As propriedades pressionam a fronteira do território, onde vivem mais de 5 mil Guajajara e isolados Awá-Guajá. “[O agronegócio] está impactando em todos os nossos costumes, principalmente na cultura e nos nossos rios, aonde está sendo diretamente desmatada a cabeceira, jogando agrotóxico, acabando com nossos açaís e com nossos peixes”, conta a líder Jacirene Guajajara.
Entre 2003 a 2021, 21 indígenas Guajajara foram mortos. Muitos deles eram parte do grupo Guardiões da Floresta, que vigia o território para combater invasores e madeireiros. Em 2019, ano em que Jair Bolsonaro assumiu a presidência, um dos principais líderes dos guardiões foi morto por grileiros: Paulo Paulino Guajajara, com 26 anos, cuja luta foi detalhada em um episódio do De Olho na História. Apesar da repercussão internacional do caso, a violência continuou: seis indígenas da TI Arariboia foram assassinados entre 2022 e 2023.
Cerca de 25 mil hectares foram desmatados por madeireiros e fazendeiros na TI Arariboia. (Cartografia: Eduardo Carlini/De Olho nos Ruralistas)
Indígenas Gamella tiveram mãos decepadas
Indígena Gamella teve as mãos decepadas durante ataque de fazendeiros em 2017. (Foto: Ana Mendes/Cimi)
Frequentemente os Gamella são surpreendidos com tiros em direção às suas comunidades, principalmente aos finais de semana. É o que conta Cawcree Akroá Gamella, um dos líderes do território, retomado em Viana (MA) durante 2014. Em abril de 2017, um grupo de 30 jagunços, contratados por fazendeiros da região, atacou a comunidade num episódio de horror, deixando 22 feridos, sendo que dois indígenas tiveram as mãos decepadas.
O ataque aconteceu após a “Marcha pela Paz”, onde políticos locais como o deputado federal Aloisio Mendes (Republicanos-MA) incentivaram a violência. “Gente ordeira, que trabalha há mais de 90 anos, e nunca viu índio aqui”, disse o integrante da Frente Parlamentar da Agropecuária (FPA) no carro de som.

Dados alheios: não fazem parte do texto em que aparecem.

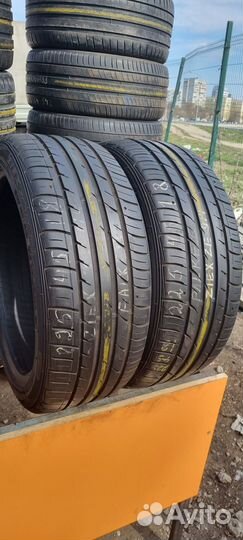 Falken Ziex ZE-914 225/45 R18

Os primeiros ataques aos Gamella aconteceram na década de 1960. O povo chegou a ser considerado extinto. Hoje, toda a comunidade Gamella está inscrita no Programa Estadual de Proteção a Defensores e Defensoras de Direitos Humanos, enquanto retomam o manejo de agrofloresta em parte do seu território.
Na entrevista, Cawcree alerta que, além do gado e da especulação imobiliária, os indígenas sofrem com a violência institucional. “A própria Justiça, ao negar nossos direitos, é uma ameaça”.
Em 2021, 16 indígenas foram presos após protestarem contra a construção de dois linhões de energia, pertencentes aos grupos Eletronorte e Equatorial.
Sem consulta prévia, porto e rodovia violam territórios
“Quando os grandes empreendimentos chegam, eles já colocam a máquina e começam a trabalhar”, relata Leleco, líder do Quilombo Santa Rosa dos Pretos, em Itapecuru-Mirim.
Duplicação da BR-135 beneficia o agronegócio e impacta a vida dos quilombolas. (Foto: GovBr)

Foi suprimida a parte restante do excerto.